Character string specifying lighting model:

  • "diffuse": Atmospheric lighting with soft shadows (includes negative values for subsurface scattering effect)

  • "direct": Direct lighting with hard shadows (surfaces facing away are completely dark)

  • "normal_rgb": Map surface normals to RGB colors

  • "normal_x", "normal_y", "normal_z": Individual surface normal components (with higher positive values indicating a surface faces more directly toward the positive end of a given dimension)

Default is "diffuse".

direction

Numeric vector of length 3 specifying direction in 3D space that light comes from for directional lighting. The default is c(1, 1, 1), giving diagonal lighting from the positive corner. Common examples: c(0, 0, 1) gives overhead lighting, c(1, 0, 0) lights surfaces facing the positive x direction, and c(-1, -1, 0) lights surfaces facing negative x-y edge. At least one value must be non-zero. Values are automatically normalized, so magnitude doesn't matter, only sign and relative magnitude. This argument is ignored if position is provided.

position

Numeric vector of length 3 specifying light source position in data coordinate space for positional lighting. When specified, each face gets its own light direction calculated from the light position to the face center. Mutually exclusive with direction. Default is NULL (use directional lighting).

distance_falloff

Logical indicating whether to apply distance-based intensity falloff for positional lighting using inverse square law (intensity ∝ 1/distance²). Only used when position is specified. Default is FALSE.

quanta

Integer number of discrete quantization levels, or NULL for continuous lighting. When specified, continuous lighting values are binned into this many discrete levels:

  • For "diffuse": Creates equal-width bins across -1, 1 range

  • For "direct": Creates one bin for negative values, and (quanta-1) bins across 0, 1 range

Default is NULL (continuous lighting).

blend

Character string specifying which color aesthetics to blend with lighting. Options: "neither" (no blending), "fill" (blend fill colors only), "color"/"colour" (blend border colors only), or "both" (blend both fill and border). Default is "neither".

blend_strength

Numeric value in the range 0–1 controlling the intensity of lighting blending. 1.0 gives full black-to-white range, 0.5 gives subtle lighting effects. Only used when blend is not "neither". Default is 1.0.

blend_mode

Character string specifying color blending mode when blend is not "neither":

  • "hsv": Modifies HSV value component (fades to bright colors at high end, black at low end)

  • "hsl": Modifies HSL lightness component (fades to white at high end, black at low end)

Default is "hsv".

Value

A lighting object that can be passed to 3D surface stats.

Details

There are two approaches for adding lighting to a plot. The first is to use blending. This lets you add light and shadow effects while also specifying fill/color arguments or aesthatics through standard ggplot2 methods. Blending alters these colors by brightening and darkening them.

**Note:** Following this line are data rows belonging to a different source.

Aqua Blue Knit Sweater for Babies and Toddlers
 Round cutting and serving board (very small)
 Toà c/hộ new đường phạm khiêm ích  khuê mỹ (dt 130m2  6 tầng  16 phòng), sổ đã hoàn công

The second approach is to use the computed light variable directly in your aesthetic mapping, such as aes(fill = after_stat(light)). This gives more control over you map lighting values onto color scales, but can't be mixed with other sources of color info.

It is also possible to combine these two approaches. For example, using blend = "fill", after_stat(light), and scale_fill_viridis_c() will produce a higher-contrast version of the viridis palette (though the guide will not reflect the blending component).

See also

stat_surface_3d, stat_voxel_3d, stat_pillar_3d

Examples

library(ggplot2)

p <- ggplot(mountain, aes(x, y, z)) +
  coord_3d(pitch = 0, roll = 120, yaw = 200,
           scales = "fixed", ratio = c(1, 1.5, .01)) +
  scale_fill_viridis_c() + scale_color_viridis_c()

p + stat_surface_3d(aes(fill = after_stat(light)),
  light = lighting("diffuse", direction = c(-1, 0, 1)))